Of course, even though everything ultimately depends on you, I still advise you to seek the counsel of your close ones and counseling from any experts on mental health issues at your institution, because you should seek all the help you can get. Just don't use them as crutches, or excuses to prevent you from doing the hard emotional work that needs to be done. And this hard work is the following: every time you get criticized by your superiors in public, every time your paper fails, every time someone attacks you, every time that research is not progressing smoothly, do your best to stay strong and balanced, and repeat to yourself: it's alright, it's OK. My self-worth does not depend on being successful every time. I am much more than just a researcher, I am much more than my nationality or gender, and I have value as a human being, no matter what happens.
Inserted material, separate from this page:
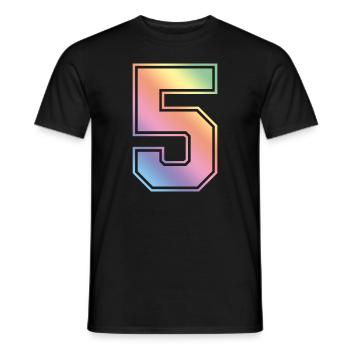 5 Number Colorful - Men's T-Shirt - black - Front - AI Model Male 178 light (178cm)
I will take a rest, get myself back in shape with a few laughs, and find a new way to address this issue with the help of my colleagues and close ones.
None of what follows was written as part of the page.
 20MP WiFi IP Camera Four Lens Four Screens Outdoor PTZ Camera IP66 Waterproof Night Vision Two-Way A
No matter how good you think you are, it's always possible to do a little better next time. Just keep trying your very best, and even if your effort fails, do not be hard on yourself. Always tell yourself that you did the best you could at that time, and that you will devote yourself to doing better next time. In order to survive as a researcher, you must value yourself and cherish yourself at all times, and once you get yourself into a stable emotional state, only then you will be able to face the constant challenges.
To conclude, what defines a successful researcher is not how many times they are successful, it is the way in which they gracefully deal with defeat and failure, and continuously seek ways to bounce back, and try to keep their passion for research alive and strong.
Do not be discouraged, and learn to let go of the paper's results. Try to get feedback on the paper from as many trusted people as you can, but at some point, you need to finish the paper, and offer yourself as a "sacrificial lamb" to the opinion of the journal's reviewers, with courage and dignity. No matter what the result is, in most cases there is a path forward, it just might take a few good rounds of busting your brain and rethinking your approach. Stay strong. You are worthy of being appreciated as a researcher regardless of the results.
My apologies for the long answer, but I felt your situation deserved more than just a few kind words of support.